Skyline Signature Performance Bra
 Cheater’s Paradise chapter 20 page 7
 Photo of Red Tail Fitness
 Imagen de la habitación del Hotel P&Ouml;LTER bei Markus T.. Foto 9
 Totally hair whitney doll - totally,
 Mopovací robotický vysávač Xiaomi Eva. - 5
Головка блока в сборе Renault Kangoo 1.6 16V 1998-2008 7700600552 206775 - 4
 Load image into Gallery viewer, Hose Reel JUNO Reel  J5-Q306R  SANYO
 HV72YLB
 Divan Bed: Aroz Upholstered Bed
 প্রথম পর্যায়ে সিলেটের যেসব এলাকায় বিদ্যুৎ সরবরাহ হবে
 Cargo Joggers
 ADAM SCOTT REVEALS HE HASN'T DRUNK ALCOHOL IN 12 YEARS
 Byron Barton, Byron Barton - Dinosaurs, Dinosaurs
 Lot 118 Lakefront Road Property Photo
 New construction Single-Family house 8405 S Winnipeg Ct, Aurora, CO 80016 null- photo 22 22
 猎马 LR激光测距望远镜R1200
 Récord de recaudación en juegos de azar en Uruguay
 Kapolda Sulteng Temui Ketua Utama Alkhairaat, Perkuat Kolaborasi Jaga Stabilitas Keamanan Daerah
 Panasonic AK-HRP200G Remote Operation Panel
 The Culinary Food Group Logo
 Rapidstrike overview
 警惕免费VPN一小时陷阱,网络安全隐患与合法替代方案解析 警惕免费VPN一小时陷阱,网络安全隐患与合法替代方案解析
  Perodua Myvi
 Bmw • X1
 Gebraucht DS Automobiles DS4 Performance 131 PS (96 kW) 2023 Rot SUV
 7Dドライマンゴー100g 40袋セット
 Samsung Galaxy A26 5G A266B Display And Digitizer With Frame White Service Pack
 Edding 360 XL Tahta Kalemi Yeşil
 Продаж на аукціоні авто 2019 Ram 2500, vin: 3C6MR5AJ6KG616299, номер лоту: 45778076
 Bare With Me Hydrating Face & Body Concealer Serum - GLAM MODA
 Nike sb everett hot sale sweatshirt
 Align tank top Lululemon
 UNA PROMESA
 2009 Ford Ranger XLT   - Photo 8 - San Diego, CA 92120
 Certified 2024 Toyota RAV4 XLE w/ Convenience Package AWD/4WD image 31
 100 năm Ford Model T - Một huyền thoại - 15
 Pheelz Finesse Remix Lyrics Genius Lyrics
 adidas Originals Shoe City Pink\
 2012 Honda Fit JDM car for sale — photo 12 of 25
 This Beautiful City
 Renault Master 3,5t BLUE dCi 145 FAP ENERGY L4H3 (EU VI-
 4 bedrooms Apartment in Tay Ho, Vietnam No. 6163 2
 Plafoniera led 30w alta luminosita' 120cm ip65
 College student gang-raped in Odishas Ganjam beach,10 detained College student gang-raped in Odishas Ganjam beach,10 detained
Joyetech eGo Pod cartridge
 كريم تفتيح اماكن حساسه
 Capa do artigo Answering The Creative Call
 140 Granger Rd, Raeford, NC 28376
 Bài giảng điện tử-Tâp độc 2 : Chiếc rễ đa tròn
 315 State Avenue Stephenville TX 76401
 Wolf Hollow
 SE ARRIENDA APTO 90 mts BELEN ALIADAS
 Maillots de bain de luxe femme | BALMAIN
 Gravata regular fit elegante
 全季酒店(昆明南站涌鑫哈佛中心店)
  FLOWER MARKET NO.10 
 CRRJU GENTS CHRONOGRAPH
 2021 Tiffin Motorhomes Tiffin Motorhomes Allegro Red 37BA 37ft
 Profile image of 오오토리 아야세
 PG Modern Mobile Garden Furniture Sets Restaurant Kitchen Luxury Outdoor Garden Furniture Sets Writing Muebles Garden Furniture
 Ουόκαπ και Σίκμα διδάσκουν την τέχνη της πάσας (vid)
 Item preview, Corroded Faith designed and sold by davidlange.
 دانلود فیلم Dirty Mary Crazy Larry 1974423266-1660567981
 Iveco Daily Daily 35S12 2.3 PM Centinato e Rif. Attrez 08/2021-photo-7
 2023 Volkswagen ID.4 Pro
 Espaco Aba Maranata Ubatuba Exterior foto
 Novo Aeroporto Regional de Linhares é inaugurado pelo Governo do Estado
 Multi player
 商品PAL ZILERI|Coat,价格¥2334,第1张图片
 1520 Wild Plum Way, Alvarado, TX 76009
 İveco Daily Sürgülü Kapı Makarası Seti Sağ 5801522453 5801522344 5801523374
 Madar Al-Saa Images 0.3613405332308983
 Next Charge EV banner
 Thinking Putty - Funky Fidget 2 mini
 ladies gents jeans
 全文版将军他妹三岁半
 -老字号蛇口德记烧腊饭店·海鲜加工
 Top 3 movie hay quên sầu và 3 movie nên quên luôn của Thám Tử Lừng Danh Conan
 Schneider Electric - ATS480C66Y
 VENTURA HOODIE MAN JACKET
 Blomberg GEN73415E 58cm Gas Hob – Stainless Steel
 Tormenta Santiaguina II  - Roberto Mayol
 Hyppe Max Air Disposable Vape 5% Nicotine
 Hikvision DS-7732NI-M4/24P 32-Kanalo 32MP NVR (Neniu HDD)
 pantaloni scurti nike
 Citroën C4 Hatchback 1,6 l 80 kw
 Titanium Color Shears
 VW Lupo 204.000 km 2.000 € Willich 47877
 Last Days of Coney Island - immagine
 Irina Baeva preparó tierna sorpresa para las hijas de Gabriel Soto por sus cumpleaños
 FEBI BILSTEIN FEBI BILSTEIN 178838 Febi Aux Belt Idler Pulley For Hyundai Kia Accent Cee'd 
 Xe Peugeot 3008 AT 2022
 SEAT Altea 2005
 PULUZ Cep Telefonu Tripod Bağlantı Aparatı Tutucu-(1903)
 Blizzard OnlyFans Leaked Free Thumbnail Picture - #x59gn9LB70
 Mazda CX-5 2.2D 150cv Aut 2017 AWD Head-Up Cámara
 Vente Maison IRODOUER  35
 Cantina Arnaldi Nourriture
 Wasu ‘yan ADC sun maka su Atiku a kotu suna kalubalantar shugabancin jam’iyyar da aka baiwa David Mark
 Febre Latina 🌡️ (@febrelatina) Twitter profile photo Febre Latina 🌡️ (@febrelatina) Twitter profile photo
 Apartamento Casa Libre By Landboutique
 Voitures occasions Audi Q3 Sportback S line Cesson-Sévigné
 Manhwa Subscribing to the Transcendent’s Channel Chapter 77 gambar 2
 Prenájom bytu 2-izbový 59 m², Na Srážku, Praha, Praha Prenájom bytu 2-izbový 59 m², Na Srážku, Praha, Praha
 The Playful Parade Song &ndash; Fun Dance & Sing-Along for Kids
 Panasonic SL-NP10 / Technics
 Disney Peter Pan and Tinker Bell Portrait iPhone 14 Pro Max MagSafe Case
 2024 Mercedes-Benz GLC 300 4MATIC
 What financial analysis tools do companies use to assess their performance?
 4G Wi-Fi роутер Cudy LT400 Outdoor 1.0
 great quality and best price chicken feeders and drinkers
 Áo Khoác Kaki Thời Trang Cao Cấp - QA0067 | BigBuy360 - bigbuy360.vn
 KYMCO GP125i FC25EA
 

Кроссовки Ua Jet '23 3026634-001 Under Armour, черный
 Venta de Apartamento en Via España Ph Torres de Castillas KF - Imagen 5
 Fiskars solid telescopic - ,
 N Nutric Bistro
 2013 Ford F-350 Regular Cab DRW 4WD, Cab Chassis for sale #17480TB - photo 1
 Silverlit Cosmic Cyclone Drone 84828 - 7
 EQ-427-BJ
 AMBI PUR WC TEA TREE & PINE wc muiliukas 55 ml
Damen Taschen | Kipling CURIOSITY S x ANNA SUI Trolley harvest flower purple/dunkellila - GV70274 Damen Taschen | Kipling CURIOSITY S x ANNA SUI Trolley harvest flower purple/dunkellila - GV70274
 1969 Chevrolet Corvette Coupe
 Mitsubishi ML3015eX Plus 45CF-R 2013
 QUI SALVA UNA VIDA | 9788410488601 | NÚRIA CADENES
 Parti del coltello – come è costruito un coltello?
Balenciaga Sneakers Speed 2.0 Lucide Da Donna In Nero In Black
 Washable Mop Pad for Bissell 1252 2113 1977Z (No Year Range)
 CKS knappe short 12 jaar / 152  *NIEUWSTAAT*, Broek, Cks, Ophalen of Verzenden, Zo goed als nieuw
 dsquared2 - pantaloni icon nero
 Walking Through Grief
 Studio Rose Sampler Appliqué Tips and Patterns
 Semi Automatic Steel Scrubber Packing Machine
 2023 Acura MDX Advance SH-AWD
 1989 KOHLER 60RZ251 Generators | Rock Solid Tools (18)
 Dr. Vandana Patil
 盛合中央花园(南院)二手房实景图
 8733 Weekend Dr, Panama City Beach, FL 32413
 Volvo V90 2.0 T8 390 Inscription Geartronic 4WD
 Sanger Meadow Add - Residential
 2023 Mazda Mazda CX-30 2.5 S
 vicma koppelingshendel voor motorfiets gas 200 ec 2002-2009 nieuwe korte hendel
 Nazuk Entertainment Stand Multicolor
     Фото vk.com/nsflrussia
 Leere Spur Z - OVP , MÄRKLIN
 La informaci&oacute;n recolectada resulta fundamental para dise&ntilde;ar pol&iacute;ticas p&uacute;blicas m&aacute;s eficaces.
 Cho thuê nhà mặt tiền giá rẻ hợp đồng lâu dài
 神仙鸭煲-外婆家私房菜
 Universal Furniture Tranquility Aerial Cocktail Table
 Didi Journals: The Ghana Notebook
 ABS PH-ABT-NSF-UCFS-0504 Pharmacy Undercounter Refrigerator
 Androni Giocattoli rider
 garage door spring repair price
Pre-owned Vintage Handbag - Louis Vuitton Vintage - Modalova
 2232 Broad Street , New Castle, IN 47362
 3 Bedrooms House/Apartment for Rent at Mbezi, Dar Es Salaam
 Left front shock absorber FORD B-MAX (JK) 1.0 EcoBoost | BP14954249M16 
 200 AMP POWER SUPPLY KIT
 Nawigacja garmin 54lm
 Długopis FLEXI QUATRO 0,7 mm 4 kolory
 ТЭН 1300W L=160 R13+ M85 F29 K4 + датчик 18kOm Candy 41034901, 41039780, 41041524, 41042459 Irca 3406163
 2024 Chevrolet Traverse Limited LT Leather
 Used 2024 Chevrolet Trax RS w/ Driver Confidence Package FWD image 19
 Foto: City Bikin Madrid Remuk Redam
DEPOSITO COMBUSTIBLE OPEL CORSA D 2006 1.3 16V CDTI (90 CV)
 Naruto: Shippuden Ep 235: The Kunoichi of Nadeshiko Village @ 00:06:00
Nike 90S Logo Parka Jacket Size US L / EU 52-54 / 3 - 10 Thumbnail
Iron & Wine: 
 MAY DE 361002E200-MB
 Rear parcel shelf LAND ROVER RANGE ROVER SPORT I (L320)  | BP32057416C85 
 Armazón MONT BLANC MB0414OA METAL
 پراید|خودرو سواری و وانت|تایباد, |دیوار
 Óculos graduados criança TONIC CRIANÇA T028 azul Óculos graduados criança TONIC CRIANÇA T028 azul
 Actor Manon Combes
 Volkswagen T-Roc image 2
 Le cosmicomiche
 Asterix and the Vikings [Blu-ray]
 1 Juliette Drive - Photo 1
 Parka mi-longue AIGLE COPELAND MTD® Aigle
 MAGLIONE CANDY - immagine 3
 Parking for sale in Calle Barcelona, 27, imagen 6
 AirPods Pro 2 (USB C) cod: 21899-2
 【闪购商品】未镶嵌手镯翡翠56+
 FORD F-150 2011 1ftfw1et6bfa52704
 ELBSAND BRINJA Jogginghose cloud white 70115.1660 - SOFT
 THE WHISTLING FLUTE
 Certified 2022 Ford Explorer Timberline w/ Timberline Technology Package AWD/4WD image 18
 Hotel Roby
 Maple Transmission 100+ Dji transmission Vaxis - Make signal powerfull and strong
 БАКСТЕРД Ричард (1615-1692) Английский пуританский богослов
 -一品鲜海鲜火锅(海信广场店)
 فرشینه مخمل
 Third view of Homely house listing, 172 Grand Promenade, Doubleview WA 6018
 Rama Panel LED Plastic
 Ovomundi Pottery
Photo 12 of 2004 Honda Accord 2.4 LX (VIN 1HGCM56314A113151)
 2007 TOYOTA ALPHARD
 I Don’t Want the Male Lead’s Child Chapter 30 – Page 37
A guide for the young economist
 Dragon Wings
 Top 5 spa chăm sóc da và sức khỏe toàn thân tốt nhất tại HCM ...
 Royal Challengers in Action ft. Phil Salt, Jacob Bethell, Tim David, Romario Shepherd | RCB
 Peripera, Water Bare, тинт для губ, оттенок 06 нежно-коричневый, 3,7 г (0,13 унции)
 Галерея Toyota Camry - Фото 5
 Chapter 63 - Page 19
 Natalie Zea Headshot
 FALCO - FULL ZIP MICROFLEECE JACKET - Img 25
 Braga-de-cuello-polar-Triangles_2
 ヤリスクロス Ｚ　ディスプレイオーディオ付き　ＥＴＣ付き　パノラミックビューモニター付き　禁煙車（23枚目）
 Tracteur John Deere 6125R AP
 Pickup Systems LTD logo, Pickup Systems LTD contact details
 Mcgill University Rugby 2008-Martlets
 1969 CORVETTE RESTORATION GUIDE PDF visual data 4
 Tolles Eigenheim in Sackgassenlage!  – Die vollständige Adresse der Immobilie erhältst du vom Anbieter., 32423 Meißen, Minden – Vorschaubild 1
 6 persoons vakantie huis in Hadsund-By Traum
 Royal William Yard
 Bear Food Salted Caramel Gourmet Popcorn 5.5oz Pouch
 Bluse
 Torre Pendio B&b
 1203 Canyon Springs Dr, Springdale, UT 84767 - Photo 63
☆ ☆ ☆ ☆ ☆ ☆ ☆
## [EXERCISE]
All lines above from the one with "Certified 2022 Ford" to the one with "Royal William Yard", inclusive, should be copied exactly, and no other lines.

## [EXERCISE RESPONSE]
 Certified 2022 Ford Explorer Timberline w/ Timberline Technology Package AWD/4WD image 18
 Hotel Roby
 Maple Transmission 100+ Dji transmission Vaxis - Make signal powerfull and strong
 БАКСТЕРД Ричард (1615-1692) Английский пуританский богослов
 -一品鲜海鲜火锅(海信广场店)
 فرشینه مخمل
 Third view of Homely house listing, 172 Grand Promenade, Doubleview WA 6018
 Rama Panel LED Plastic
 Ovomundi Pottery
Photo 12 of 2004 Honda Accord 2.4 LX (VIN 1HGCM56314A113151)
 2007 TOYOTA ALPHARD
 I Don’t Want the Male Lead’s Child Chapter 30 – Page 37
A guide for the young economist
 Dragon Wings
 Top 5 spa chăm sóc da và sức khỏe toàn thân tốt nhất tại HCM ...
 Royal Challengers in Action ft. Phil Salt, Jacob Bethell, Tim David, Romario Shepherd | RCB
 Peripera, Water Bare, тинт для губ, оттенок 06 нежно-коричневый, 3,7 г (0,13 унции)
 Галерея Toyota Camry - Фото 5
 Chapter 63 - Page 19
 Natalie Zea Headshot
 FALCO - FULL ZIP MICROFLEECE JACKET - Img 25
 Braga-de-cuello-polar-Triangles_2
 ヤリスクロス Ｚ　ディスプレイオーディオ付き　ＥＴＣ付き　パノラミックビューモニター付き　禁煙車（23枚目）
 Tracteur John Deere 6125R AP
 Pickup Systems LTD logo, Pickup Systems LTD contact details
 Mcgill University Rugby 2008-Martlets
 1969 CORVETTE RESTORATION GUIDE PDF visual data 4
 Tolles Eigenheim in Sackgassenlage!  – Die vollständige Adresse der Immobilie erhältst du vom Anbieter., 32423 Meißen, Minden – Vorschaubild 1
 6 persoons vakantie huis in Hadsund-By Traum
 Royal William Yard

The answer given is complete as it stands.